And its expansion projects are proving more expensive than thought. Operating costs came in at £106.3million, up 28 per cent from the same period last year. The shares were down 12.7 per cent, or 34p, to 234p.
Cruddas, a former Tory party treasurer and donor, and his wife Fiona own a combined 62pc of the company, worth £407.5million.
The FTSE 100 fell 0.25 per cent, or 18.25 points, to 7351.19 while the FTSE 250 was down 1.77 per cent, or 343.48 points, to 19,112.40, with defence stocks rallying after a Russian-manufactured missile killed two people in Poland near the border with Ukraine.
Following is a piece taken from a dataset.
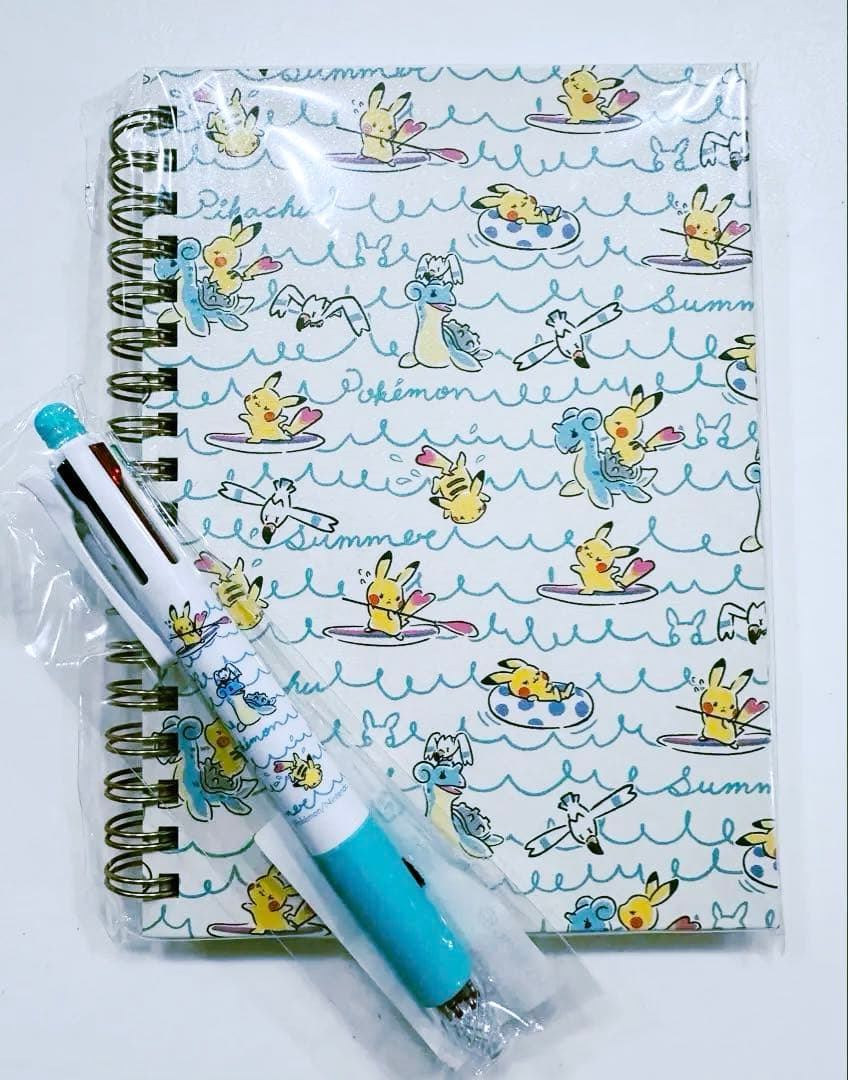 イッツデモ　ポケモン　B6リングノート　4色ボールペン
The strike fuelled fears that Poland, a Nato member, could be dragged into the war. But president Andrzej Duda said: ‘There is no indication that this was an intentional attack on Poland.’
Nato secretary general Jens Stoltenberg also said a Ukrainian air defence missile was the likely cause though ‘Russia bears ultimate responsibility’ due to its attack on Ukraine.
Shares in BAE Systems rose 4.2 per cent, or 31.2p, to 769.8p while Babcock added 0.1 per cent, or 0.4p, to 280.8p.
Software giant Sage ended its financial year in style as revenue rose 5 per cent to £1.95billion for the year to September with its business cloud division soaring 24 per cent. Shares added 7.3 per cent, or 55.4p, to 811.2p.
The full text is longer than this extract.